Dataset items

+ + + + + + +

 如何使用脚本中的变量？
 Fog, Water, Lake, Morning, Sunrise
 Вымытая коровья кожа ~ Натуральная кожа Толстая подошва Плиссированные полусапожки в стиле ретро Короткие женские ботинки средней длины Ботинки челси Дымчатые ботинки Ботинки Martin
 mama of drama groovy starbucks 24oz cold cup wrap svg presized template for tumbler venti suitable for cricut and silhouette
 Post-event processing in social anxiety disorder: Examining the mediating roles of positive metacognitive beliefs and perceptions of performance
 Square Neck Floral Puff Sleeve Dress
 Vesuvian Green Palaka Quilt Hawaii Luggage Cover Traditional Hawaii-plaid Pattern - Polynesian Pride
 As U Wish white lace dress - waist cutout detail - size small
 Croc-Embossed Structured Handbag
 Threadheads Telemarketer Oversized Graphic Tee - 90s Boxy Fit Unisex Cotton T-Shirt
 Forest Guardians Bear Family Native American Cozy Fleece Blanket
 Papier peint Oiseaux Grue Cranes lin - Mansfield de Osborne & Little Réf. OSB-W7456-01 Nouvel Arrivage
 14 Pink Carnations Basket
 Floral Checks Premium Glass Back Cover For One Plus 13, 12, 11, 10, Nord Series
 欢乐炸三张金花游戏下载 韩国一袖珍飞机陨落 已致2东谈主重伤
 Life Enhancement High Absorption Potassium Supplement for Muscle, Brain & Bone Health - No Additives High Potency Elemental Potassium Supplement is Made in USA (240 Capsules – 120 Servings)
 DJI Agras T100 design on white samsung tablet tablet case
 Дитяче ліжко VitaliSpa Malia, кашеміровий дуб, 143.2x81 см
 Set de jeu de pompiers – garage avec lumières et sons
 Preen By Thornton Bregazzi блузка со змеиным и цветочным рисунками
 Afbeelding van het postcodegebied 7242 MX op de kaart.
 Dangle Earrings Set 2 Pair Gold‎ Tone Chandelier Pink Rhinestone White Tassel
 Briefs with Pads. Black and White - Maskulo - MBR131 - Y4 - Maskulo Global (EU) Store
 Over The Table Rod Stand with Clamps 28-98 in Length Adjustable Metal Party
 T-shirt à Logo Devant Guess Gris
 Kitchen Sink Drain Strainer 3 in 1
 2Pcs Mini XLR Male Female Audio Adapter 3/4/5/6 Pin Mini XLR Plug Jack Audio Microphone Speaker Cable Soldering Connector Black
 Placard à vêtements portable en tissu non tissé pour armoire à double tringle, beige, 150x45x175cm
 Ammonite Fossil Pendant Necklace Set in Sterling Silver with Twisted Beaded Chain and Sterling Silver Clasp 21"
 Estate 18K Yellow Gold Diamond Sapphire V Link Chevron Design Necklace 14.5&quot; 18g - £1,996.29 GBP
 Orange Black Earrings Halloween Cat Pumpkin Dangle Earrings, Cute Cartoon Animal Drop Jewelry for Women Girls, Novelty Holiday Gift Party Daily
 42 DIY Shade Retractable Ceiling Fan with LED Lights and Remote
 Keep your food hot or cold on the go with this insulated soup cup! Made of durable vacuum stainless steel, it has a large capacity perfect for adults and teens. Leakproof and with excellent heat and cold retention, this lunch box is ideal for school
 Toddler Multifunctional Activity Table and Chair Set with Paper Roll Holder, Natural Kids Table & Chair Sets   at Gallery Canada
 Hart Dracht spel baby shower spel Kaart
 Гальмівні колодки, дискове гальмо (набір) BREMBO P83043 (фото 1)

+ + + + + + +

### [Your instructions]
Once you find the line with "2Pcs Mini XLR" above, print it and every line after it up to and including the line with "42 DIY Shade", exactly as written and nothing else.

### [Answer to this exercise]
 2Pcs Mini XLR Male Female Audio Adapter 3/4/5/6 Pin Mini XLR Plug Jack Audio Microphone Speaker Cable Soldering Connector Black
 Placard à vêtements portable en tissu non tissé pour armoire à double tringle, beige, 150x45x175cm
 Ammonite Fossil Pendant Necklace Set in Sterling Silver with Twisted Beaded Chain and Sterling Silver Clasp 21"
 Estate 18K Yellow Gold Diamond Sapphire V Link Chevron Design Necklace 14.5&quot; 18g - £1,996.29 GBP
 Orange Black Earrings Halloween Cat Pumpkin Dangle Earrings, Cute Cartoon Animal Drop Jewelry for Women Girls, Novelty Holiday Gift Party Daily
 42 DIY Shade Retractable Ceiling Fan with LED Lights and Remote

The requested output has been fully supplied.